TASK TO COMPLETE
Begin at the line containing "MildSalty8990의 A Beastman" in the data below and go on through the line containing "LOTTE milkchocolate page 6 full", repeating each line exactly; include both ends and no other line.

GIVEN RECORDS
[Start of section]

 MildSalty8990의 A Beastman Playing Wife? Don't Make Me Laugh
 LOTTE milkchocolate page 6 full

[End of section]
[Start of section]

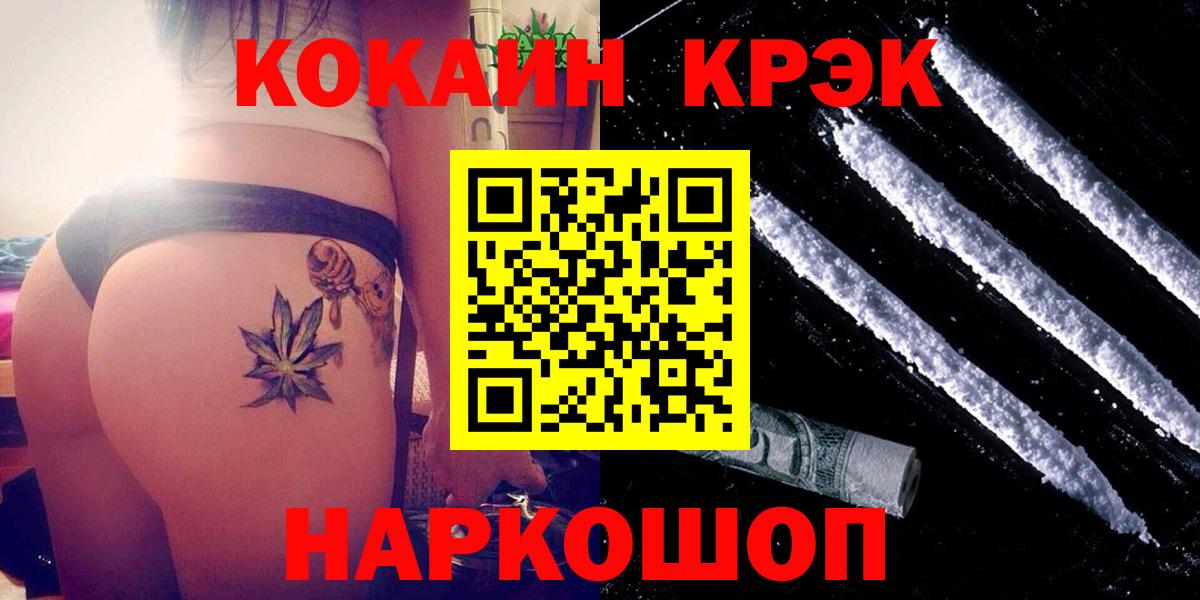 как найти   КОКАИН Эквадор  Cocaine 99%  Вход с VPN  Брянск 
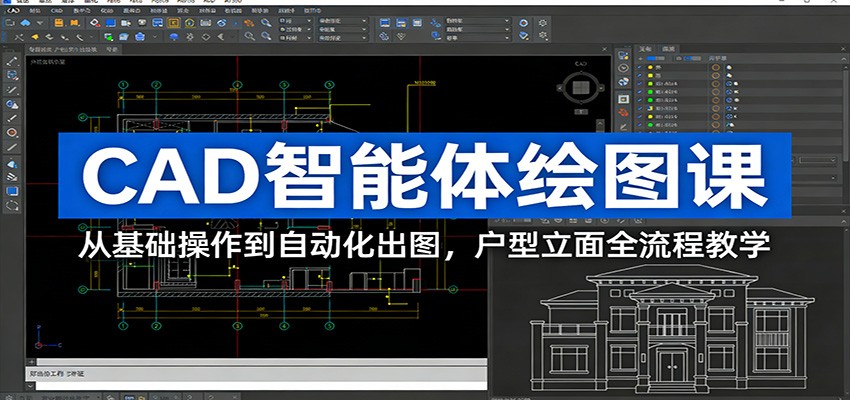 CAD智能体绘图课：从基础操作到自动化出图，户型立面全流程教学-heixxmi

[End of section]

RESPONSE TO THIS EXERCISE
 MildSalty8990의 A Beastman Playing Wife? Don't Make Me Laugh
 LOTTE milkchocolate page 6 full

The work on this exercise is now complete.